Mama loved spring. Papa liked it because the island was still empty of tourists. But Mama saw color.

“That’s wonderful, look! Pink, and that wonderful warm gray. Violet and mauve!” she said.

Mama made Lalo smile.

“Your mother is not trustworthy,” he said. “So, just remember your Christmas tree.”

Papa laughed. Sophie had helped trim the tree, carefully setting large untidy wads of cotton on one side. Mama wouldn’t allow anyone to change it.

“It’s Sophie’s Christmas too,” she said firmly.

Lalo thought it was the ugliest tree he had ever seen, and he said so.

“It is very tasteless,” he said admiringly.

“There’s some redundancy there,” I said, echoing Rebel.

The tree had leaned to one side all through Christmas, finally falling in a heap on New Year’s Day, glass balls breaking and the lights going out with a final flash.

A Christmas letter and package had come for
Sophie, delivered two weeks late because of windstorms that kept the ferry in port and the planes on the ground. Papa read us the letter.

Dearest Sophie
,

I think of you and miss you. Things are better
.

Love
,
Mama

Things are better
. None of Sophie’s mother’s letters had ever said that.
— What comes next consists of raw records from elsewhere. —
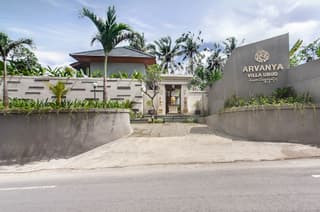 Arvanya Villa Ubud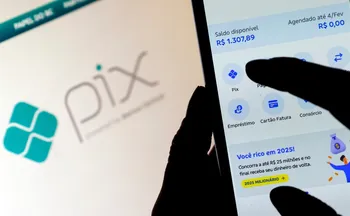 Imagem ilustrativa da imagem Dados de 5.290 chaves Pix vazaram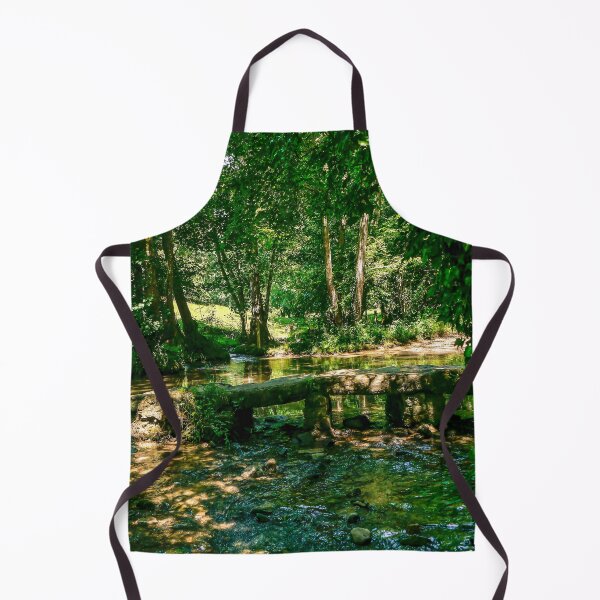 Item preview, Ford & Packhorse Bridge designed and sold by ScenicViewPics.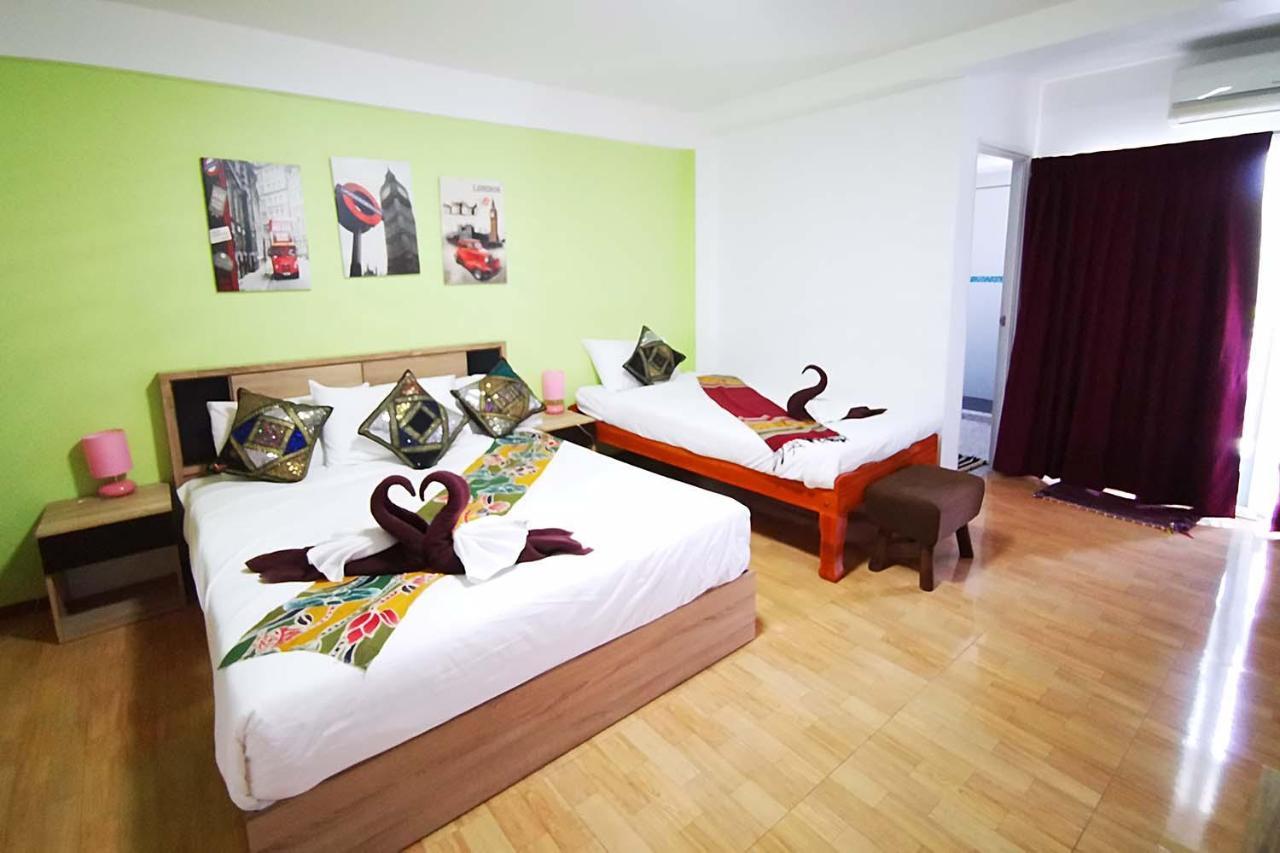 Krong House Chiang Mai Dış mekan fotoğraf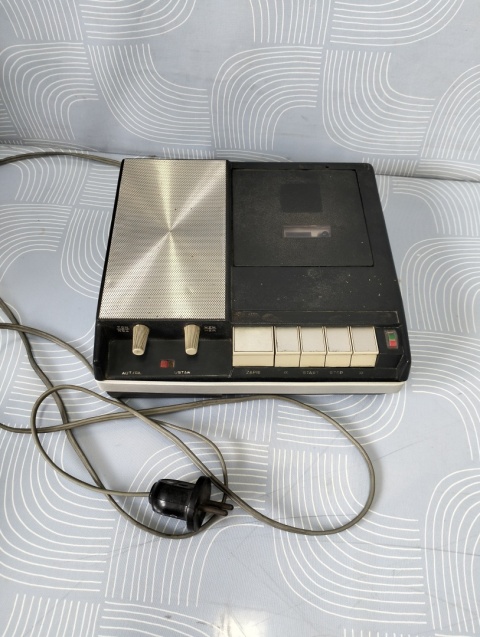 Magnetofon kasetowy Unitra MK 125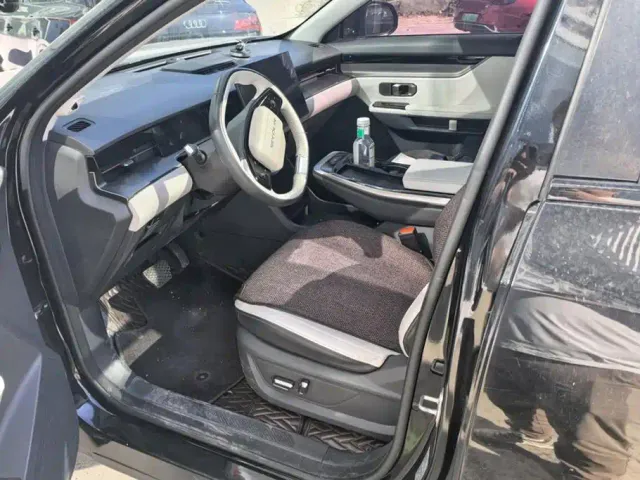 Jetour Dashing — Фото автомобиля 9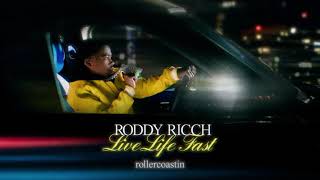 Roddy Ricch  rollercoastin Official Audio [upl. by Notlek313]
Each month she wrote, sometimes twice a month, always saying the same things: I love you, I miss you. But no letter had ever said things are better.

Byrd got up and walked to the window, pulling a curtain aside to look out.

“It was a good Christmas with Sophie here,” she said, her voice sounding far away and unsteady.

Mama unwrapped the package, a small rubber doll in a red dress. She handed it to Sophie. Sophie turned it over in her hand. She pulled a leg off.

“Baby leg,” she said.

She smiled and pulled the other one off.

Mama leaned over and took Sophie in her arms.

Papa looked at me quickly, then went off to work. And winter slipped into spring with those words—
things are better
—always with us, following us like clouds over our heads.

When it came to Mama that it was really, truly spring, she made us bundle up for the beach. Every spring she took her easel and paints to the beach before tourists came. She packed picnic lunches, and we pretended it was warm.

“It’s April, love,” Mama told Papa cheerfully. “Let’s go.”

“This is your mother’s robust time of year,” said Papa grumpily, pulling on his hat with the ear flaps.

“Well, I’m not going,” said Byrd. “I’m going to sit by the fire.”